Content classification used by the scene analyzer and sequence planner. Optional for hand-authored scenes, but required when scenes enter the AI planning pipeline.

Field	Values	Description
`content_type`	`portrait`, `ui_screenshot`, `typography`, `brand_mark`, `data_visualization`, `moodboard`, `product_shot`, `notification`, `device_mockup`, `split_panel`, `collage`	Primary content classification
`visual_weight`	`light`, `dark`, `mixed`	Overall tonal weight
`motion_energy`	`static`, `subtle`, `moderate`, `high`	Amount of movement
`complexity`	`minimal`, `moderate`, `complex`	Visual complexity
`intent_tags`	array of strings	Narrative role: `opening`, `closing`, `hero`, `emotional`, `detail`, `informational`, `transition`
`style_override`	string	Per-scene style pack override for blended sequences

When scenes enter the AI pipeline, analyze_scene re-derives metadata independently and validates it.
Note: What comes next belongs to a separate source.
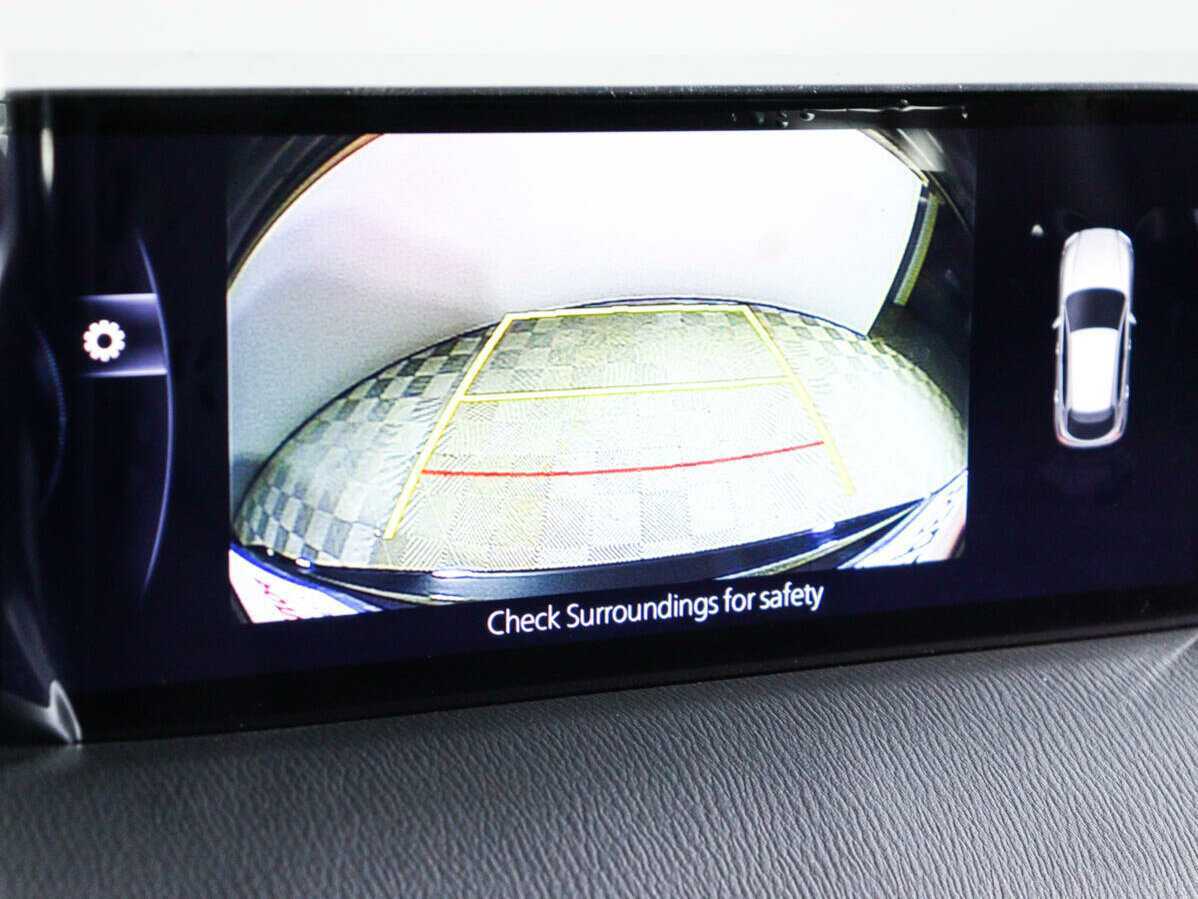 Купить Mazda CX-5, 2024, 50 км, фото №17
Hand-setting metadata is fine, but the analyzer has the final word.

Example scenes

HTML-only scene

A full-canvas HTML prototype used as a single shot:

{
  "scene_id": "sc_product_demo",
  "canvas": { "w": 1920, "h": 1080 },
  "duration_s": 3.5,
  "camera": { "move": "push_in", "intensity": 0.2, "easing": "cinematic_scurve" },
  "layers": [
    {
      "id": "prototype",
      "type": "html",
      "src": "prototypes/dashboard.html",
      "fit": "cover",
      "depth_class": "midground"
    }
  ],
  "metadata": {
    "content_type": "ui_screenshot",
    "visual_weight": "dark",
    "motion_energy": "subtle",
    "intent_tags": ["detail"]
  }
}

Mixed media scene

Video background with composited text overlay:

{
  "scene_id": "sc_hero_intro",
  "canvas": { "w": 1920, "h": 1080 },
  "duration_s": 4.0,
  "assets": [
    {
      "id": "bg_video",
      "type": "video",
      "src": "assets/aerial-city.mp4",
      "trim": { "start_s": 5.0, "end_s": 9.0 },
      "muted": true
    }
  ],
  "camera": { "move": "drift", "intensity": 0.3 },
  "layers": [
    {
      "id": "background",
      "type": "video",
      "asset": "bg_video",
      "fit": "cover",
      "depth_class": "background"
    },
    {
      "id": "headline",
      "type": "text",
      "content": "The Future of Design",
      "animation": "word-reveal",
      "style": {
        "fontFamily": "Inter",
        "fontSize": 96,
        "fontWeight": 700,
        "color": "#ffffff",
        "textAlign": "center"
      },
      "depth_class": "foreground",
      "entrance": { "primitive": "as-fadeInUp", "delay_ms": 400 }
    }
  ],
  "metadata": {
    "content_type": "typography",
    "visual_weight": "dark",
    "motion_energy": "moderate",
    "intent_tags": ["opening", "hero"]
  }
}

Kinetic type scene

Weight-morphing typography with a brand mark:

{
  "scene_id": "sc_brand_type",
  "canvas": { "w": 1920, "h": 1080 },
  "duration_s": 3.0,
  "assets": [
    { "id": "logo", "type": "image", "src": "assets/logo-mark.svg" }
  ],
  "camera": { "move": "static" },
  "layers": [
    {
      "id": "bg",
      "type": "html",
      "src": "prototypes/dark-gradient.html",
      "fit": "cover",
      "depth_class": "background"
    },
    {
      "id": "brand_text",
      "type": "text",
      "content": "ANIMATIC",
      "animation": "weight-morph",
      "style": {
        "fontFamily": "Inter",
        "fontSize": 120,
        "fontWeightStart": 100,
        "fontWeightEnd": 900,
        "color": "#ffffff",
        "textAlign": "center",
        "letterSpacing": "0.08em"
      },
      "depth_class": "foreground"
    },
    {
      "id": "logo_mark",
      "type": "image",
      "asset": "logo",
      "position": { "x": 860, "y": 620, "w": 200, "h": 200 },
      "opacity": 0.8,
      "depth_class": "foreground",
      "entrance": { "primitive": "as-fadeIn", "delay_ms": 800 }
    }
  ],
  "metadata": {
    "content_type": "brand_mark",
    "visual_weight": "dark",
    "motion_energy": "moderate",
    "intent_tags": ["closing"]
  }
}

Try it

Try asking your AI:

Show me the scene format schema and explain the layer types.

Create a scene JSON for a split-panel layout with a portrait photo on the left and a quote on the right.

Validate this scene JSON against the scene format spec.